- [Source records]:
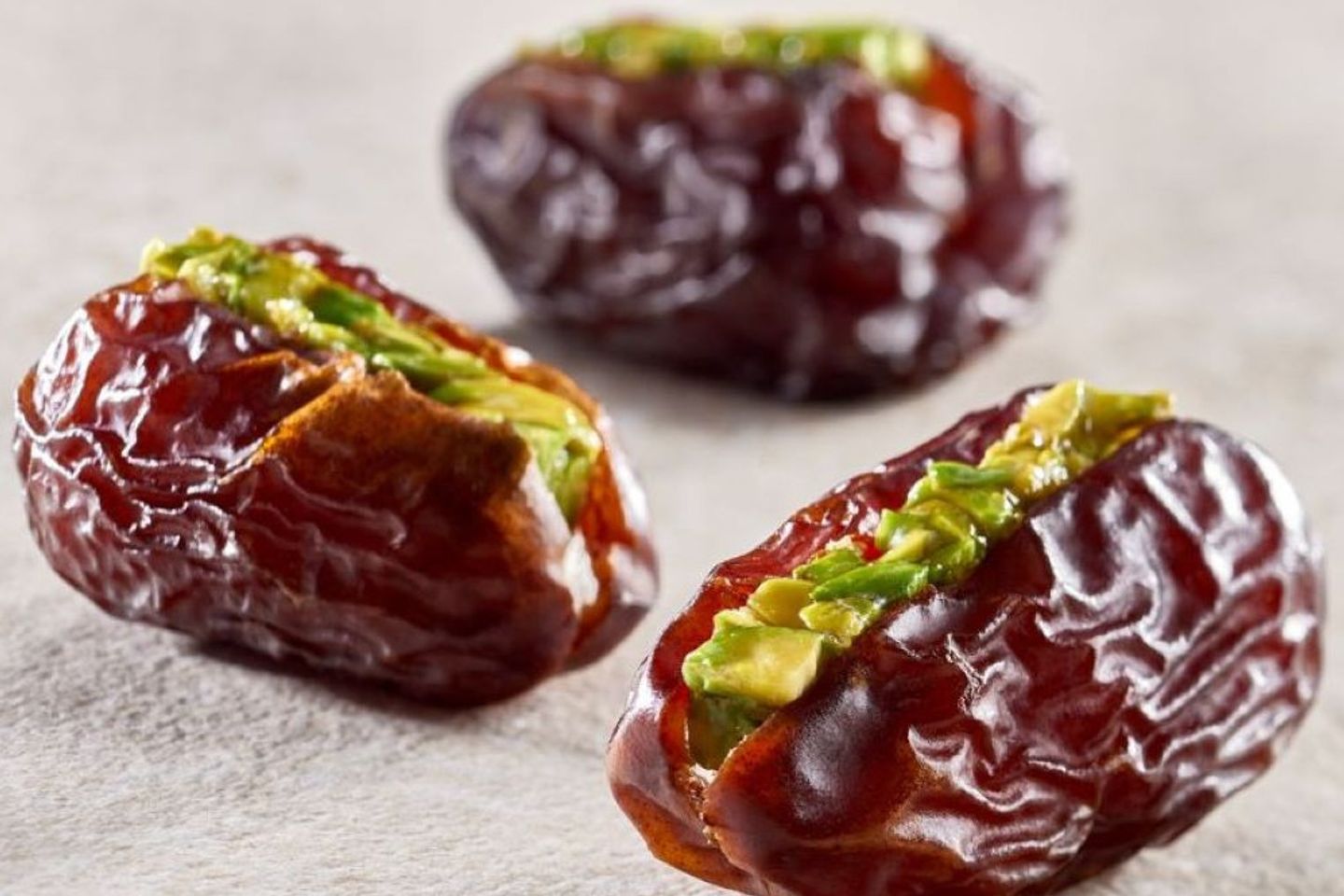 Wanan With Pistachio   - 500gm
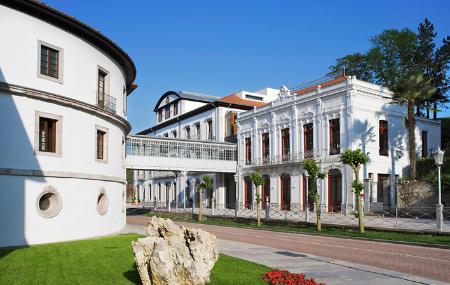Hotel Las Caldas Villa Termal exterior
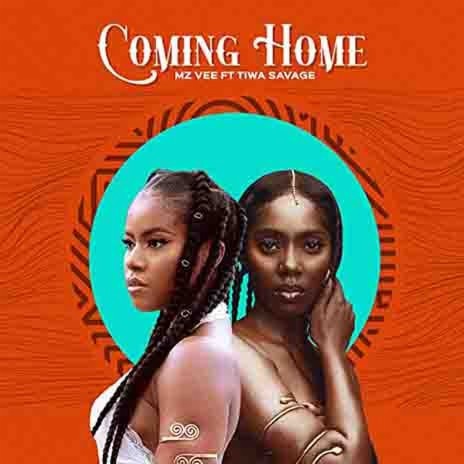 Coming Home Ft Tiwa Savage | Boomplay Music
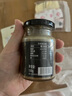 碧歐奇花生醬100g 0鈉0添加白砂糖0防腐劑送嬰幼兒寶寶輔食食譜 曬單實拍圖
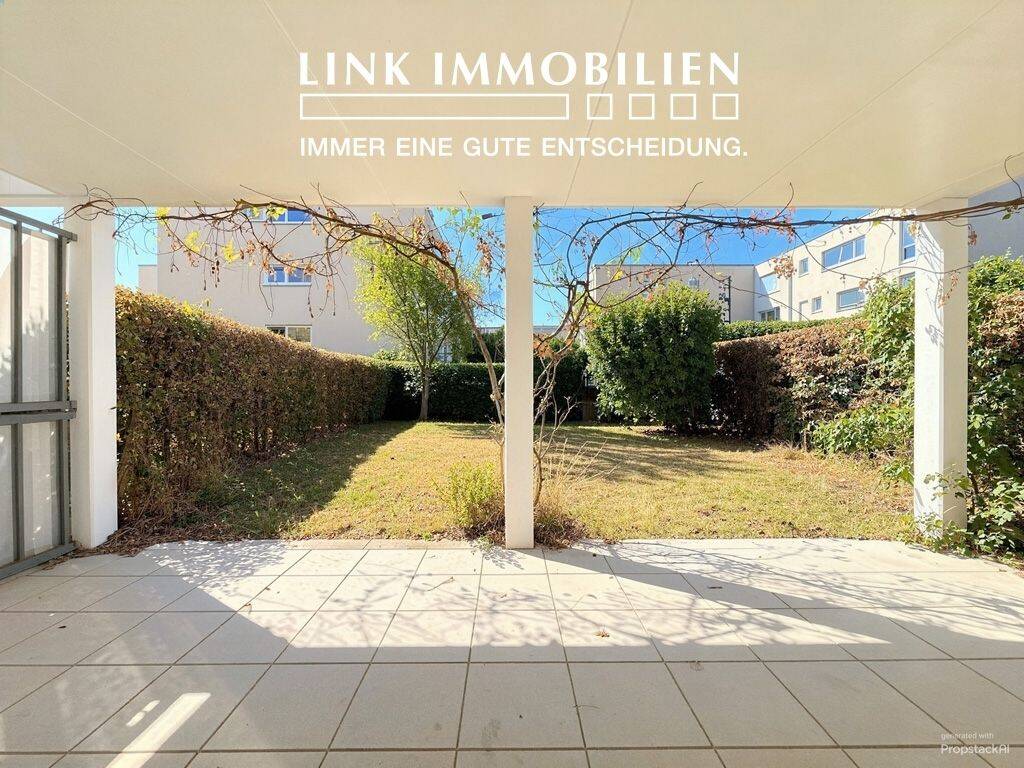 Tolle 3-Zi.-Gartenwohnung in ruhiger Sackgasse mit TG-Stellplatz , Aufzug uvm. im Scharnhauser Park!, 73760 Ostfildern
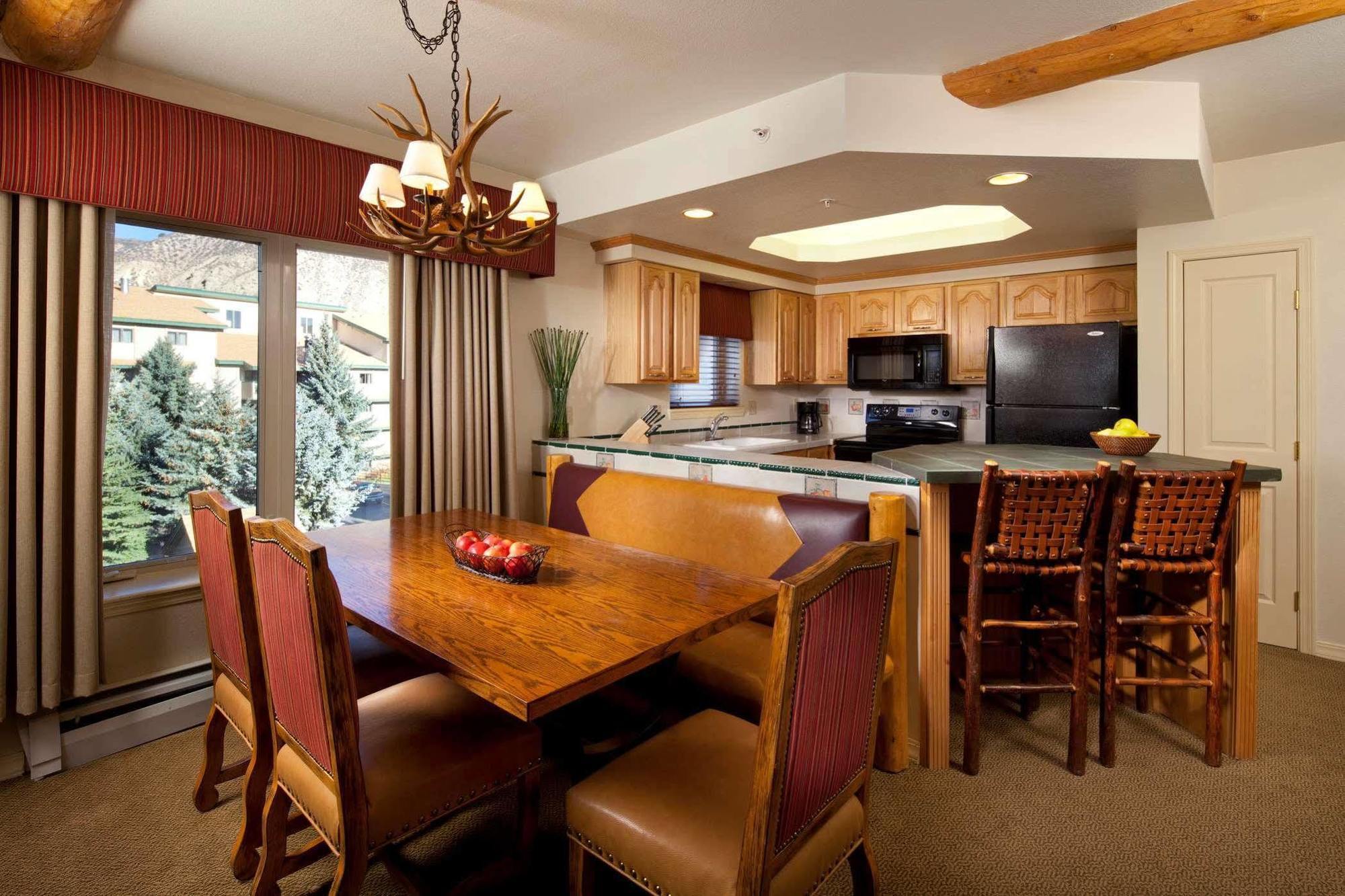 Sheraton Lakeside Terrace Villas At Mountain Vista, Avon, Vail Valley Ngoại thất bức ảnh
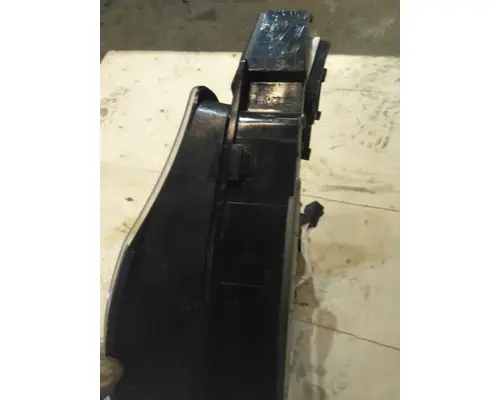 INTERNATIONAL CE GAUGE CLUSTER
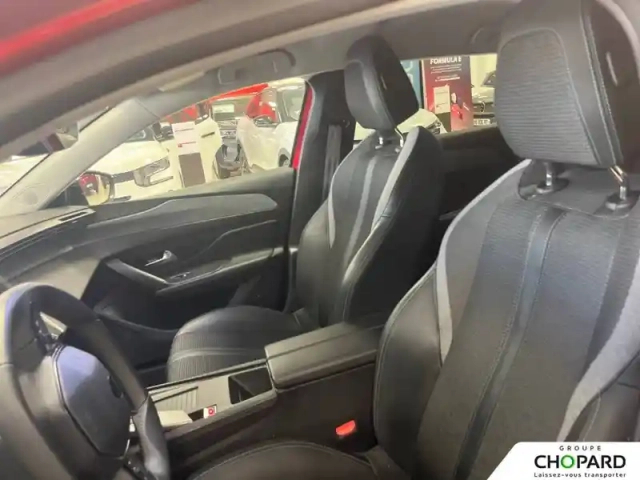 Peugeot 308 sw phev 180 e-eat8 — photo 15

- [Exercise objective]:
Repeat the records above exactly, leaving out the pictures.

- [Solution to this task]:
 Wanan With Pistachio   - 500gm
Hotel Las Caldas Villa Termal exterior
 Coming Home Ft Tiwa Savage | Boomplay Music
 碧歐奇花生醬100g 0鈉0添加白砂糖0防腐劑送嬰幼兒寶寶輔食食譜 曬單實拍圖
 Tolle 3-Zi.-Gartenwohnung in ruhiger Sackgasse mit TG-Stellplatz , Aufzug uvm. im Scharnhauser Park!, 73760 Ostfildern
 Sheraton Lakeside Terrace Villas At Mountain Vista, Avon, Vail Valley Ngoại thất bức ảnh
 INTERNATIONAL CE GAUGE CLUSTER
 Peugeot 308 sw phev 180 e-eat8 — photo 15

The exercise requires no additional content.